Test-Time Compute: My Take on Story Generation

We’ve seen incredible progress in large language models (LLMs) over the past few years, driven largely by scaling up model sizes and training data. But as noted in a recent blog post by Hugging Face, we’re starting to hit some hard limits—training these massive models requires billion-dollar compute clusters, and we’re also running out of high-quality training data.
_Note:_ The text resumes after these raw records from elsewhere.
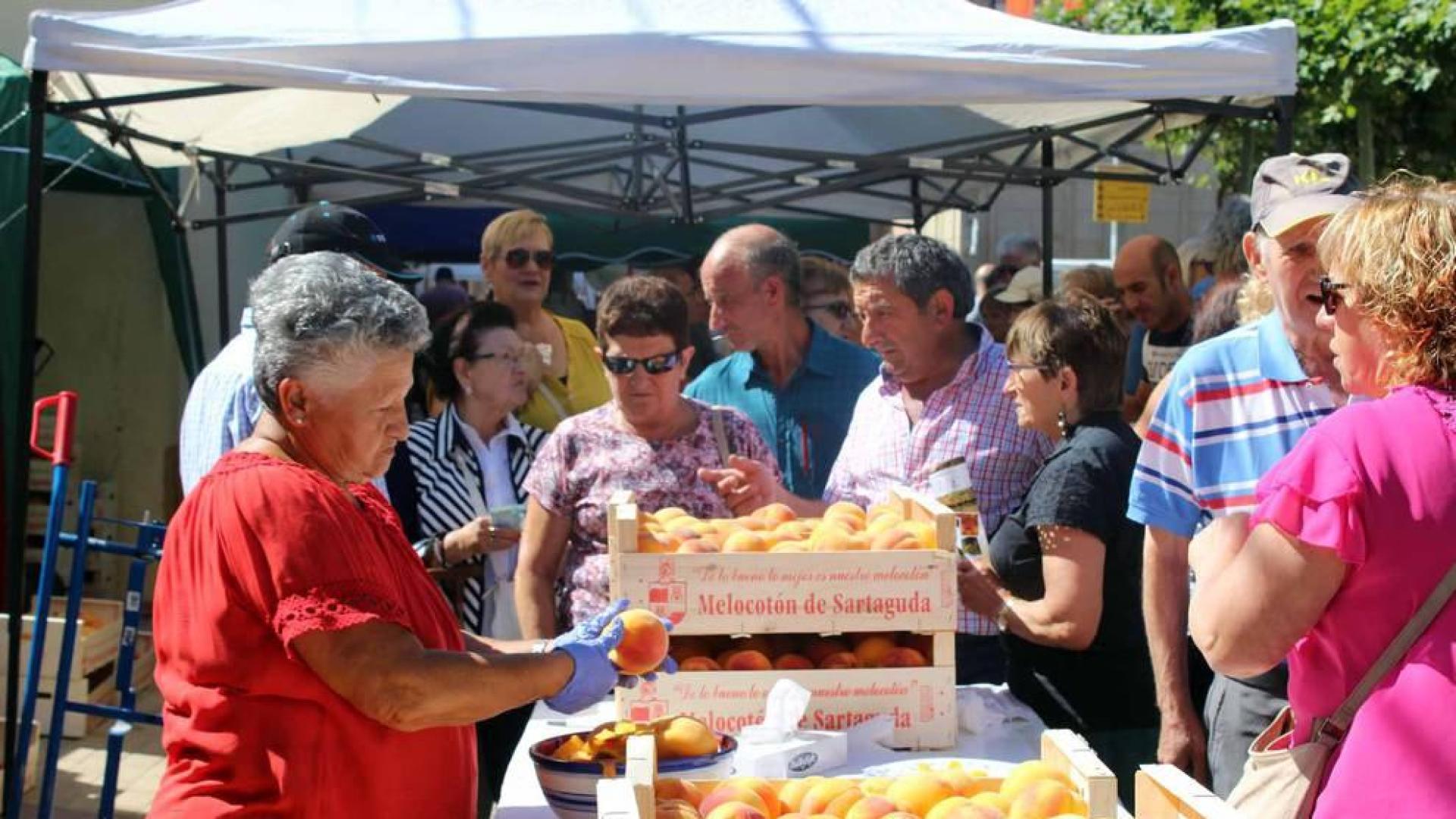 Sartaguda impulsó este miércoles uno de sus productos estrella, el melocotón.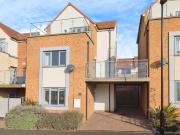 House for rent in Featherwood Avenue, The Rise,...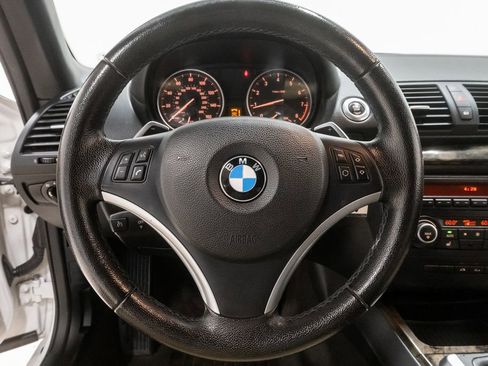 Used 2011 BMW 135i Convertible RWD image 12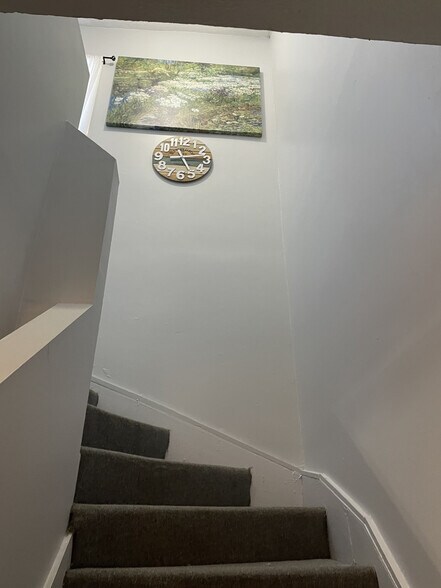 Building Photo - 123 Montmullin St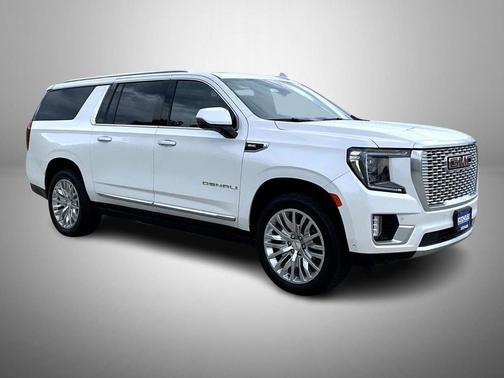 White Frost Tricoat 2023 GMC Yukon XL Denali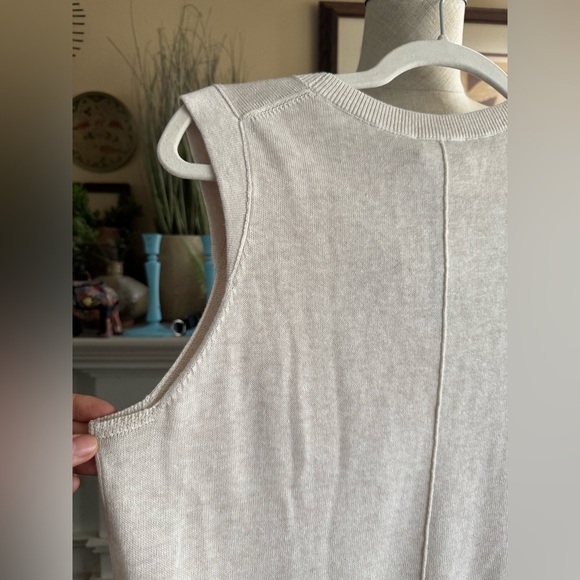 The Reset The Too Good Tank in cream M - Picture 10 of 13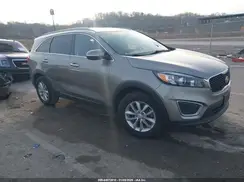5XYPG4A37GG045368 2016 KIA SORENTO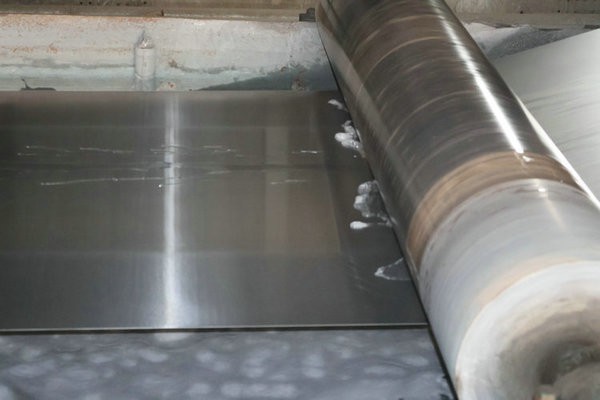 Galvanized steel sheet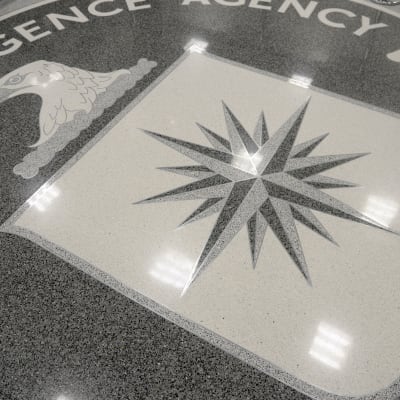 CIA:n tunnus on maalattu keskustiedustelupalvelun päämajan lattiaan Langleyssa Yhdysvalloissa. 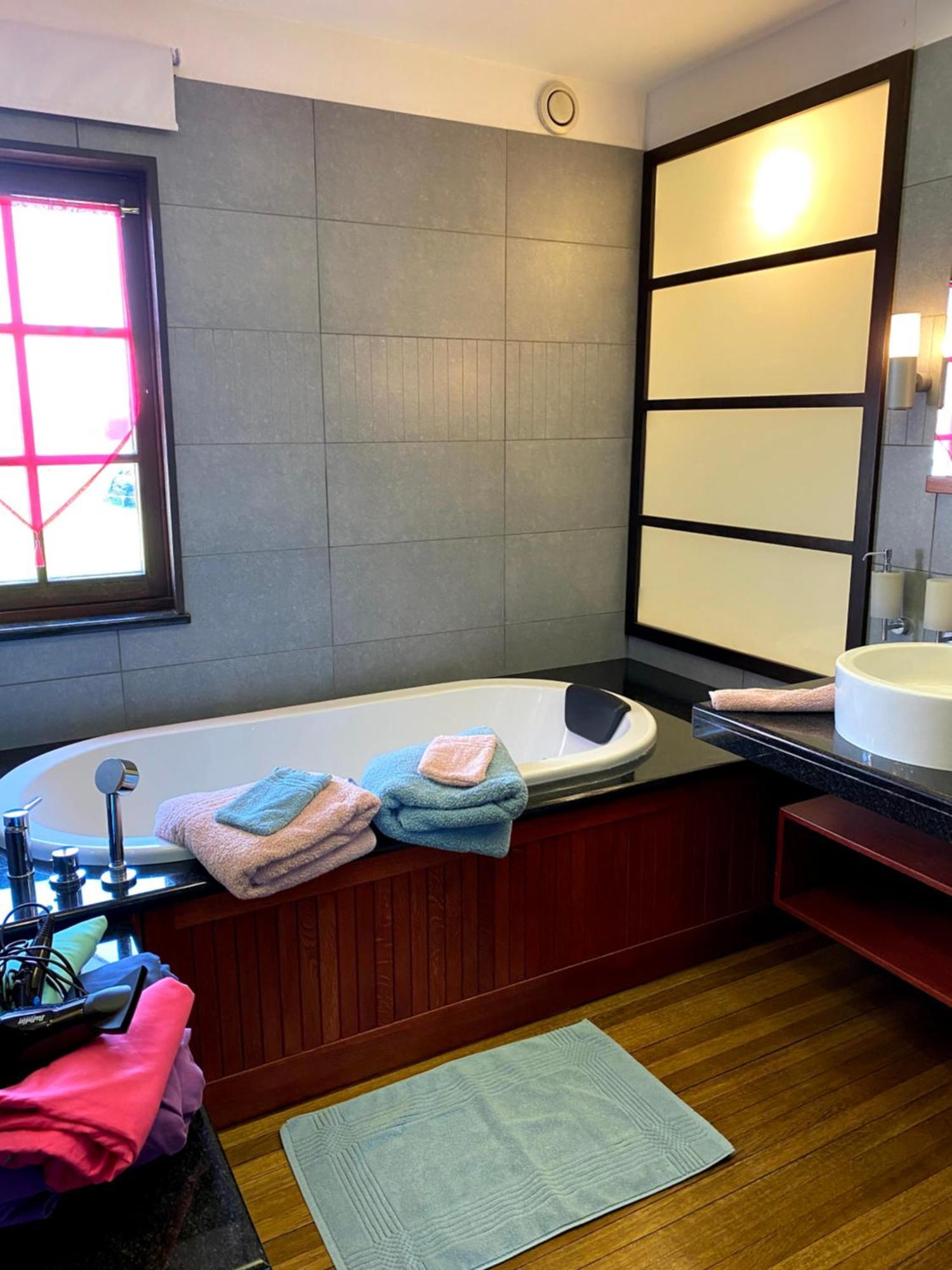 Grand-Reng Le Chateau De Frankie Spas-Saunas מראה חיצוני תמונה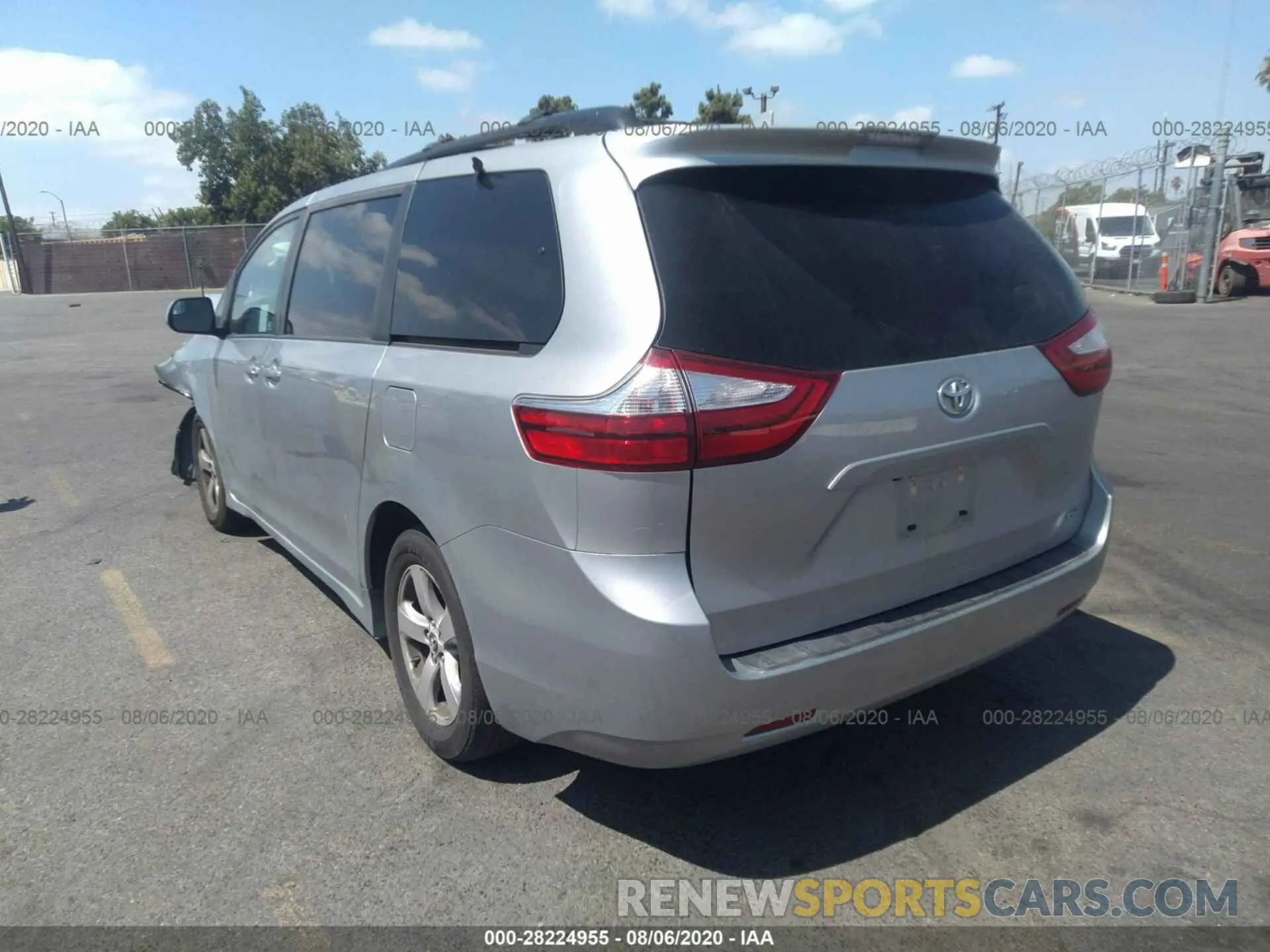 3 Photograph of a damaged car 5TDKZ3DC3KS981381 TOYOTA SIENNA 2019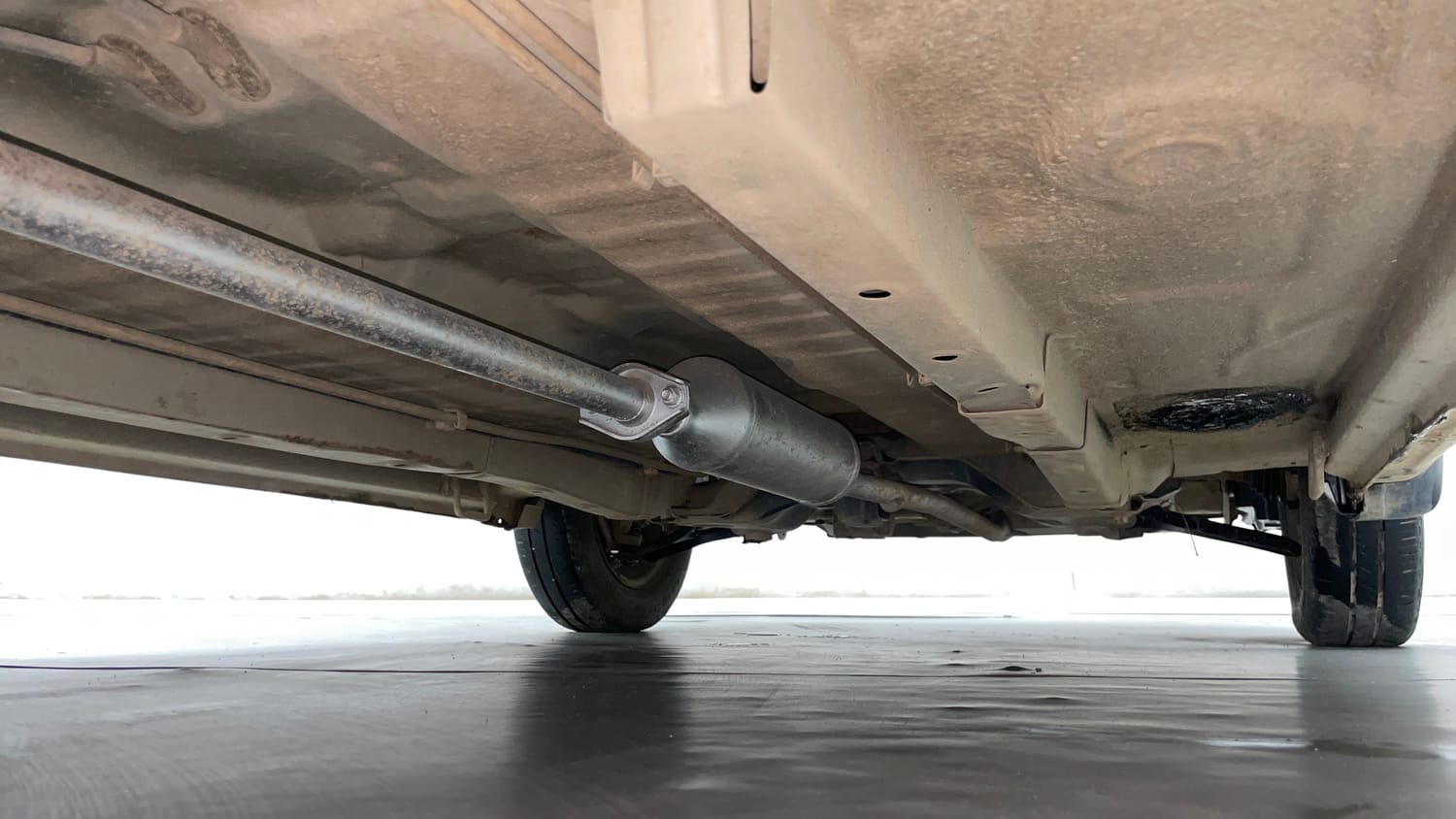 Used 2021 Maruti Suzuki Wagon R LXI Petrol Manual extra REAR RIGHT UNDERBODY VIEW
Enter test-time compute: instead of building ever-larger models, what if we let smaller models “think longer” about hard problems? Recent research shows this approach can be remarkably effective. In a paper by Google DeepMind published last August, the team demonstrates that with smart test-time compute allocation, smaller models can actually outperform models 14 times their size on certain tasks. Probably the most famous examples are OpenAI’s o1 and o3 models, but they’re not the only ones that can do these tricks: Deep Mind’s results were also replicated by the Hugging Face team as described in the blog post mentioned above.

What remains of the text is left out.